_Short text fragments from websites_.
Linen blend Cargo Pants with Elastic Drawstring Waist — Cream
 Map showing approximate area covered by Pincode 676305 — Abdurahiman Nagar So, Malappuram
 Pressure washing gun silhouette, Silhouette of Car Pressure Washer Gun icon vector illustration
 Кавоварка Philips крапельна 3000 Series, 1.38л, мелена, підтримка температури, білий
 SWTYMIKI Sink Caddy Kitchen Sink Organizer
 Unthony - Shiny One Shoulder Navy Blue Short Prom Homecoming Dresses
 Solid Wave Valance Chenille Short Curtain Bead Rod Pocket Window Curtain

_TRY IT_. Exactly the lines from the one containing "SWTYMIKI Sink Caddy Kitchen Sink Organizer" through the last line of the records are to be transcribed, both endpoints included.

_EXERCISE RESPONSE_.
 SWTYMIKI Sink Caddy Kitchen Sink Organizer
 Unthony - Shiny One Shoulder Navy Blue Short Prom Homecoming Dresses
 Solid Wave Valance Chenille Short Curtain Bead Rod Pocket Window Curtain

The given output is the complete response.